§ Task requirements:
From the line with "this 362×240 image." to the final line of the data below, please write out every line exactly, with no pictures.

Segment Start: Data under study

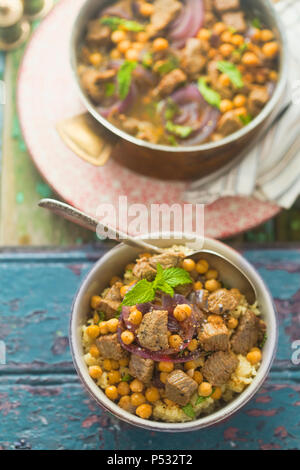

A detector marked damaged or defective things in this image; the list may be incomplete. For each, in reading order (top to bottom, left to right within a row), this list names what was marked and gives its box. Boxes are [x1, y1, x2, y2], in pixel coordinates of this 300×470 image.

peeling paint on wood [0, 246, 298, 448]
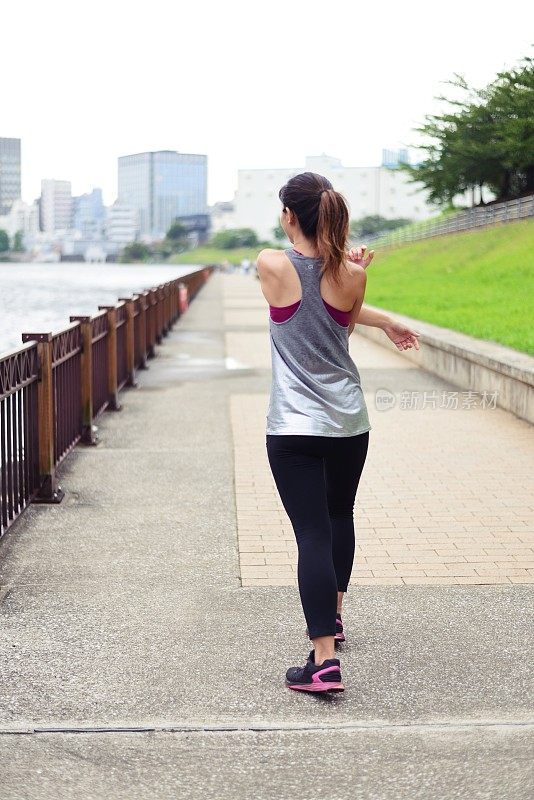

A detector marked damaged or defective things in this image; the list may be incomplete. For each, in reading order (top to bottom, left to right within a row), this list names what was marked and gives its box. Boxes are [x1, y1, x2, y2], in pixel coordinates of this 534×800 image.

rusty metal railing [0, 268, 214, 536]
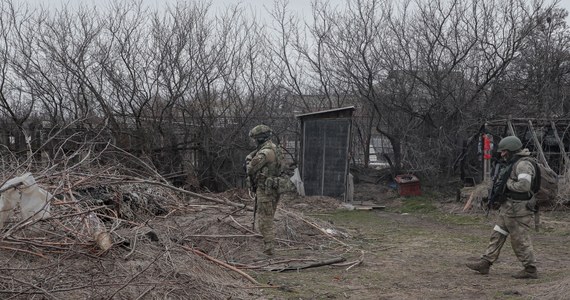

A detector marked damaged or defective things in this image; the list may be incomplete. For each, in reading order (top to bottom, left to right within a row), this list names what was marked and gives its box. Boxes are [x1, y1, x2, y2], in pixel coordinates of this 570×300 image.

war-damaged yard [2, 171, 564, 300]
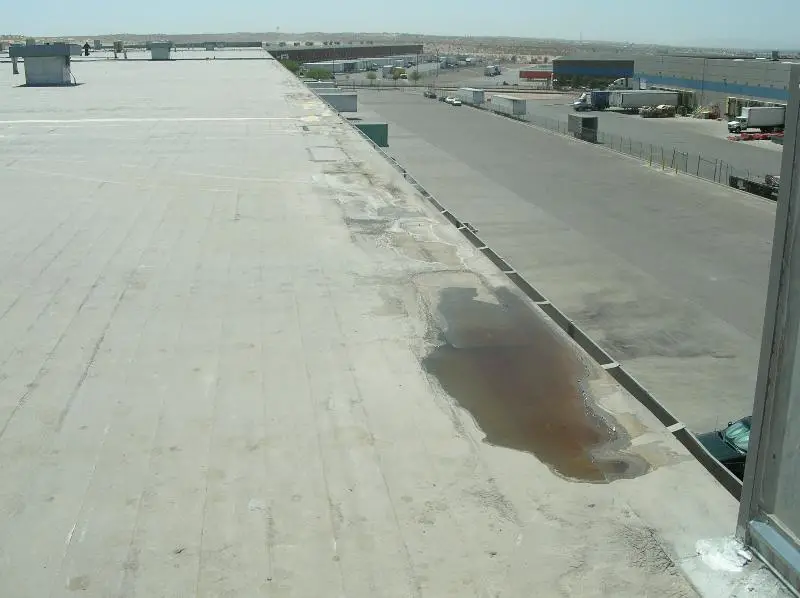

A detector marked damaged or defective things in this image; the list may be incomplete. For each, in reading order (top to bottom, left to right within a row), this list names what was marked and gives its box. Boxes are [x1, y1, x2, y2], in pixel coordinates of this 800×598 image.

rust-stained water [422, 286, 648, 482]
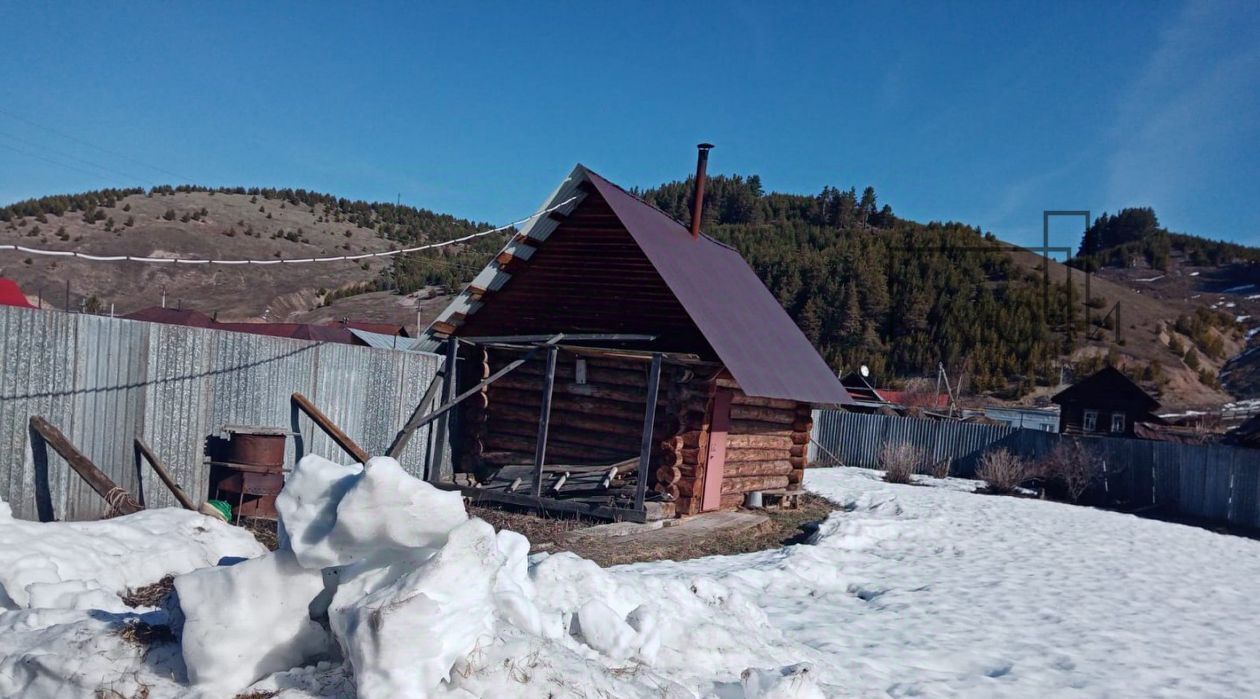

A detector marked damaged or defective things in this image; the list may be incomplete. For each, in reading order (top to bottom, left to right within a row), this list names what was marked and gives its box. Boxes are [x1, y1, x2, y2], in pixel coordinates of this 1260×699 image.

rusty chimney pipe [692, 144, 712, 239]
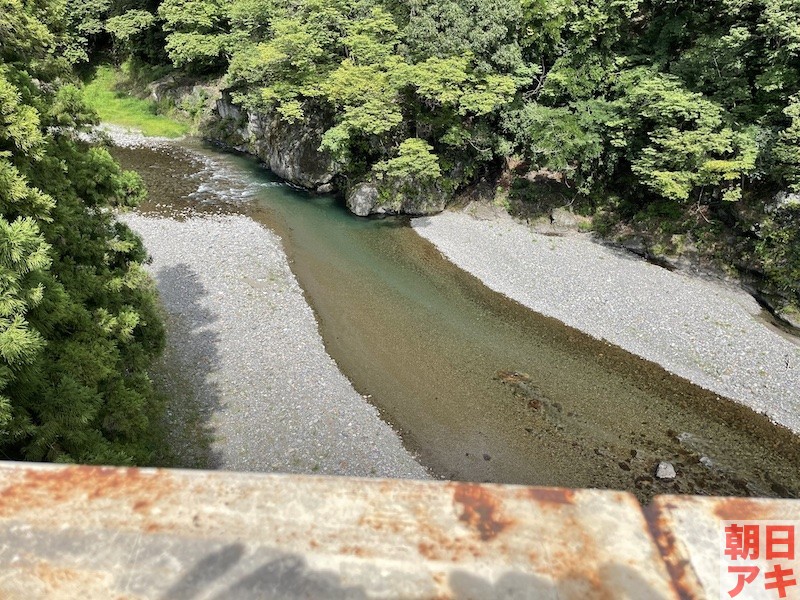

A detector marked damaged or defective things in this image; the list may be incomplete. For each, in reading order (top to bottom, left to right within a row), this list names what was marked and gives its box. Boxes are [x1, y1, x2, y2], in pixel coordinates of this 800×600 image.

rusty stain on railing [0, 462, 796, 596]
rust streak [450, 482, 512, 544]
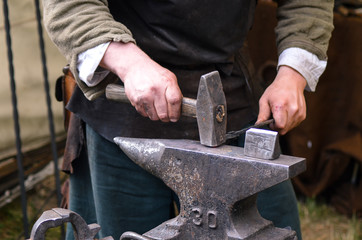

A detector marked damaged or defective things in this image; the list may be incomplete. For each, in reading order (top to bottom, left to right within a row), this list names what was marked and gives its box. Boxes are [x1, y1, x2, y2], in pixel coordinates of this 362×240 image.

rust on anvil [114, 137, 306, 240]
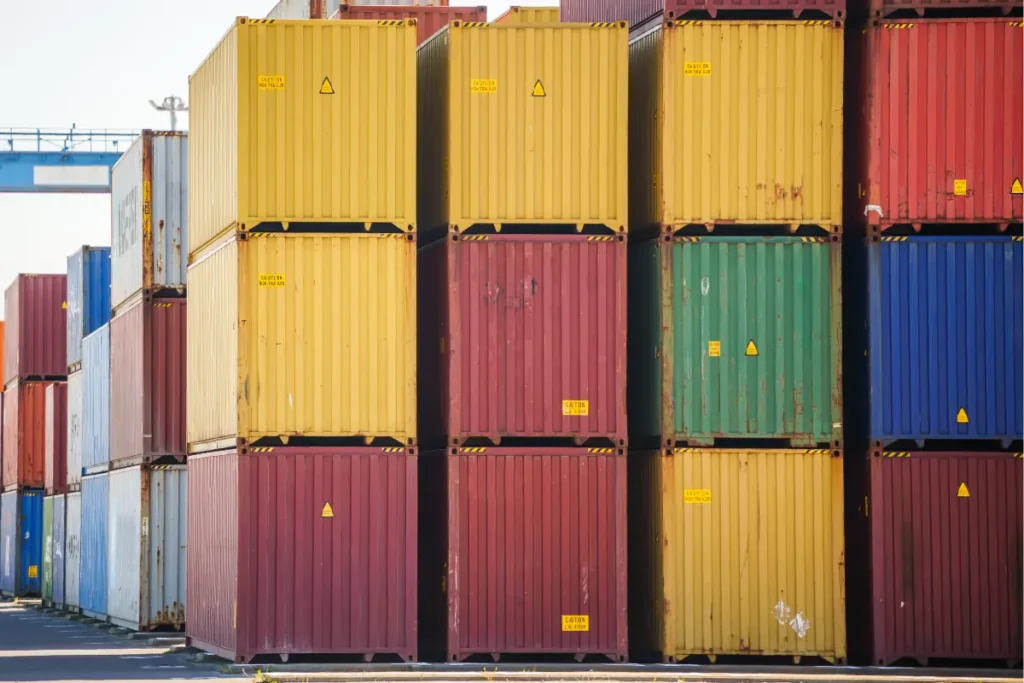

Segment End: Data under study

§ Answer for the task:
A detector marked damaged or defective things in this image; the list may be incomplete. For each, in reading order (top to bottom, left to right within a row), this list names what was marked and gives its box. Boxes are [x1, y1, x2, y2], in pixel coordinates of this 362×240 image.

rust on anvil [114, 137, 306, 240]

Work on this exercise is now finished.